2. Artificial Neural Networks 3. Support Vector Machine 4. K-Nearest Neighbor

5. Naïve-Bayes

These techniques enhance the efficiency of the algorithm to classify the data properly (Syeda Farha Shazmeen, 2013). For that reason, classifications have been widely used in EDM due to their high accuracy in prediction.

In this regard, Chen et al. (2000) used a decision tree technique and applied C5.0 algorithm and data cube information processing methodologies to monitor students’ behaviours and find the pedagogical rules on students’ learning performance from web logs. The induction analysis found potential student groups that have shared characteristics and reaction to a certain pedagogical strategy (Chen et al., 2000). After few years, another research study used four classifiers to categorize students based on features extracted from the logged web data in order to predict their final grades. By using a genetic algorithm weighing the features, they optimized a combination of classifiers (Minaei-Bidgoli and Punch, 2003). Hence, researchers applied a Bayesian classification technique to a student database to predict students’ performance with emphasis on identifying the difference between high fast learners and slow learners. According to the authors, the results of their work help to identify students who need special attention to reduce failing (Ahmed and Elaraby, 2014). Data mining is widely used in the educational field for different purposes, one of the most important topics are discussed such as using several classifications to study students’ performance, focusing on several factors that may impact students’ performance in higher education. Qualitative predictive models which were effectively able to predict students’ grades from a training dataset are presented. In one study, four decision tree algorithms were applied, in addition to the Naïve Bayes algorithm. The study found that not solely academic efforts impacted the students’ performance, but that many other factors also have an influence (Abu, 2016). However, Ahmed et al. (2014) implemented the decision tree (ID3) method as a classification technique in data mining to predict students’ final grades. They used different factors that were collected from the student’s’ database. According to the authors, the study assists to enhance the student’s’ performance and reduce the failure rate (Badr, Din and Elaraby, 2014). Unlike classification and clustering techniques, outlier detection methods handle unusual data, and can detect students with learning problems (Kou and Lu, 2016).

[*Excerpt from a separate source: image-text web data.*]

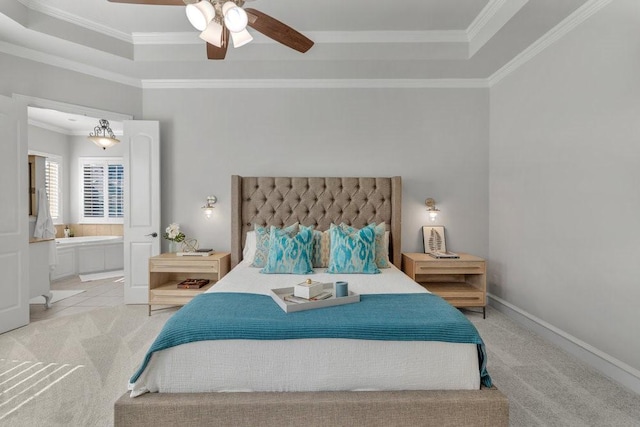 bedroom with light colored carpet, crown molding, and a tray ceiling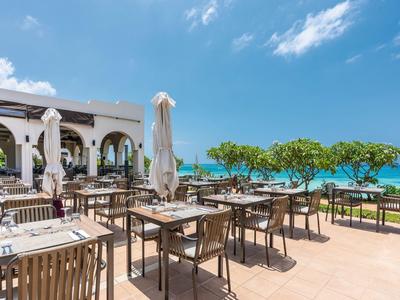 Hotelterrasse mit Holztischen, Sonnenschirmen und Blick auf das blaue Meer bei Sonnenschein.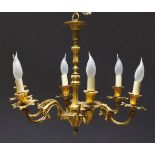 A gilt-bronze 6-light chandelier, early 20th century, in the French taste with a central facetted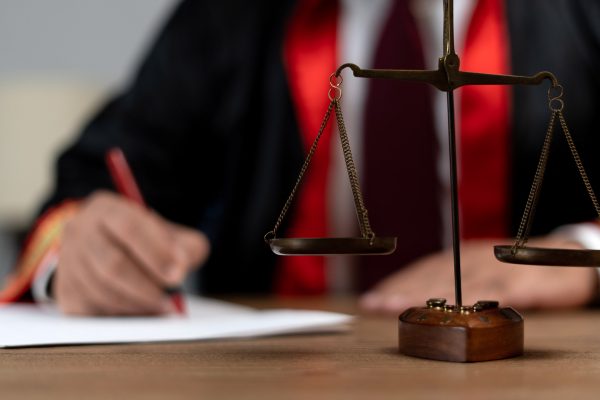 A judge, dressed in a black and red robe, writes on a piece of paper at a wooden desk. In the foreground, a brass balance scale is in focus, symbolizing justice in contesting wills.
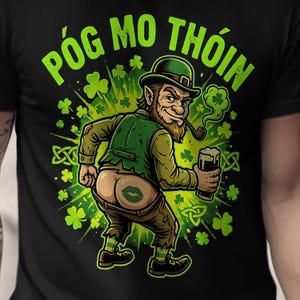 May include: Black t-shirt with a cartoon leprechaun graphic. The leprechaun is holding a beer and smoking a pipe, with a green shamrock design. The text "Póg mo thóin" is written in green above the leprechaun.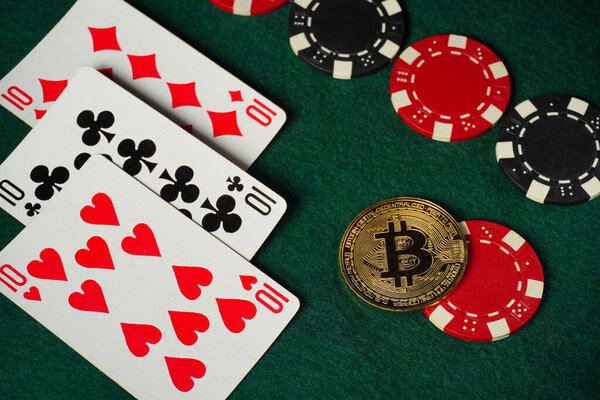Cards featuring three tens are laid out on a green felt surface next to colorful poker chips and Bitcoin, suggesting an exciting evening of poker.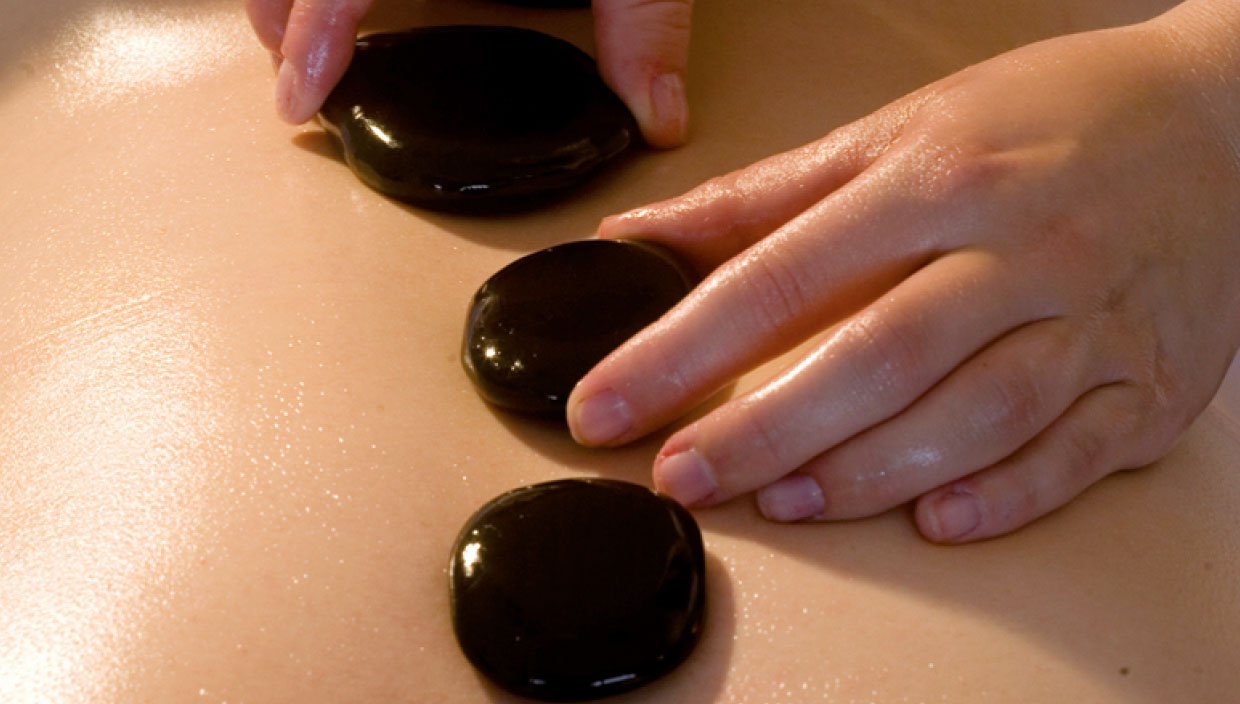 Die Steine für die Hot Stone Massage werden auf den Rücken des Kunden aufgelegt
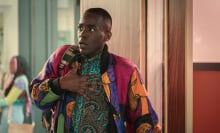 A teen clutches their chest in fear wearing in a bright patterned outfit.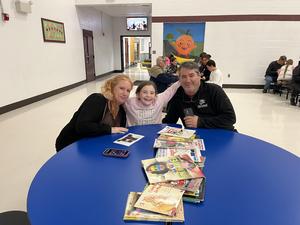Two adults and a child smiling at a blue table filled with books in a school setting.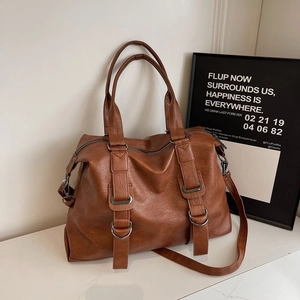 Grand sac à main en cuir marron avec sangles décoratives sur surface de marbre blanc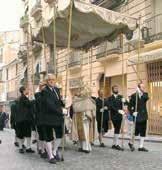A group of people in traditional attire carrying a canopy during a religious procession.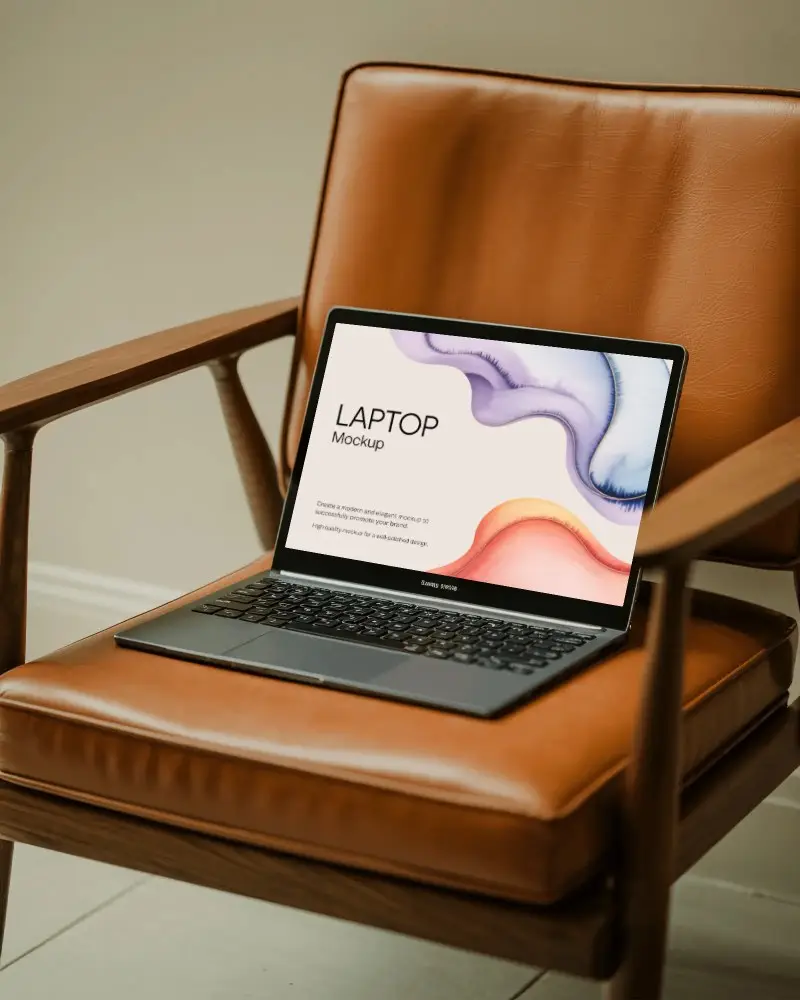 Samsung Laptop Mockup On Vintage Brown Leather Chair In Modern Home Office With Warm Natural Light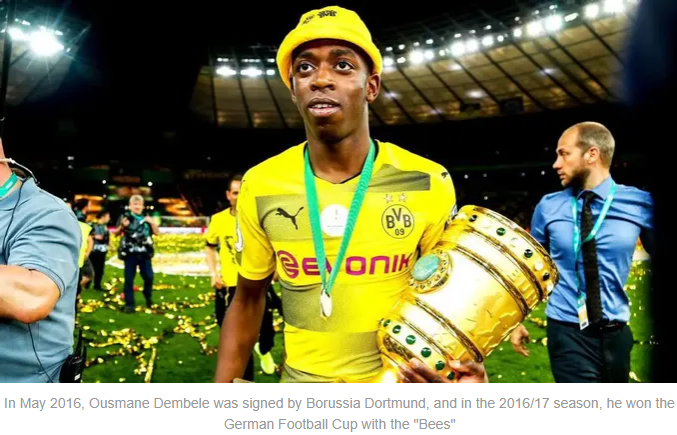 Ousmane Dembélé holding the German Football Cup, wearing Borussia Dortmund's yellow jersey, amidst celebratory confetti and teammates in the background.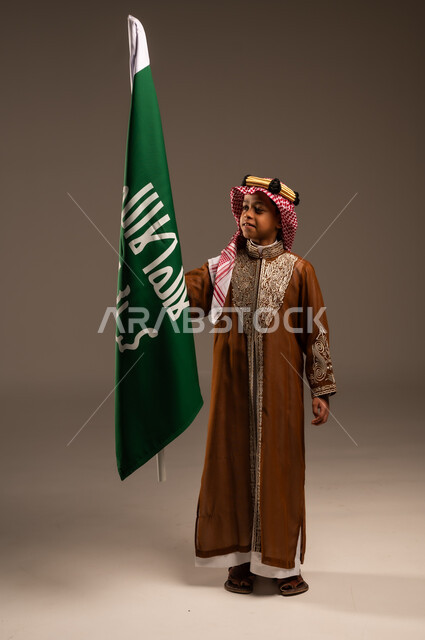 شعار الهوية الوطنية وراية الإسلام والتوحيد، إرتداء الأزياء الشعبية في الأعياد، الحب والإنتماء إلى الوطن، بورتريه لولد عربي خليجي سعودي يرتدي الدقلة والشماغ يحمل علم يوم التأسيس، يوم بدينا 1727 م، العيد الوطني السعودي 23سبتمبر، الطول الكامل للجسم، خلفية رمادية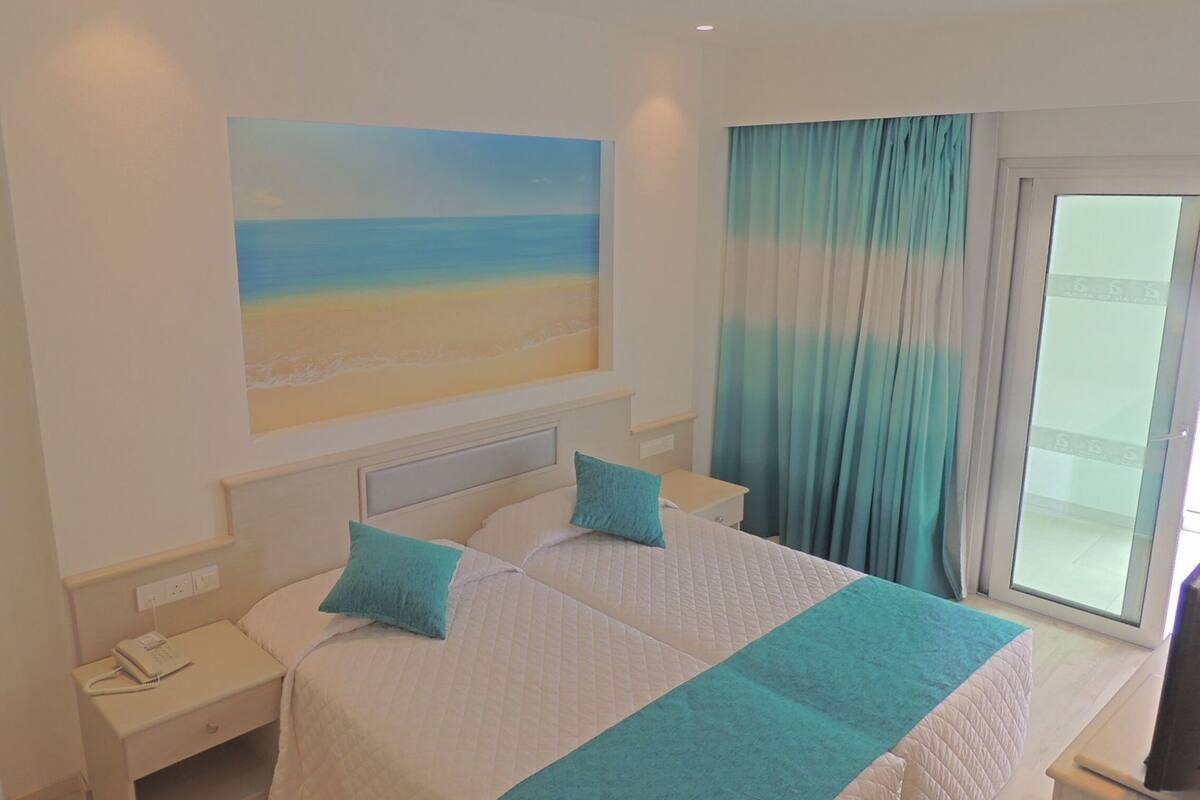 Quarto de hotel com cama, duas almofadas, mesa de cabeceira, pintura de uma praia e janela com cortinas.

Thus, another research study applied two classification methods, Rule Induction and Naïve Bayesian classifier. The dataset was collected from graduate students’ data collected from the college of Science and Technology – Khanyounis. The students are clustered into groups using K-Means clustering. To detect all outliers in the data, they used Distance-based Approach and Density-based Approach (Tair and El-Halees, 2012). On the other hand, a model for automatic analysis of student interactions with a web-based learning

system is proposed in one more study. The result of automatic analysis provides useful information including decision trees that were used for predictions in later experiments. Also the generated decision trees were used in analysing data using machine learning techniques (Muehlenbrock, 2005). In this regard, Ueno (2004) proposed a method of online outlier detection of learners’ irregular learning processes by using a Bayesian predictive distribution. The outlier detection method uses a students’ response time data for the e-learning contents. This method can be used for short samples, and it helps a two-way instruction by using the results of mining processes (Ueno, 2004).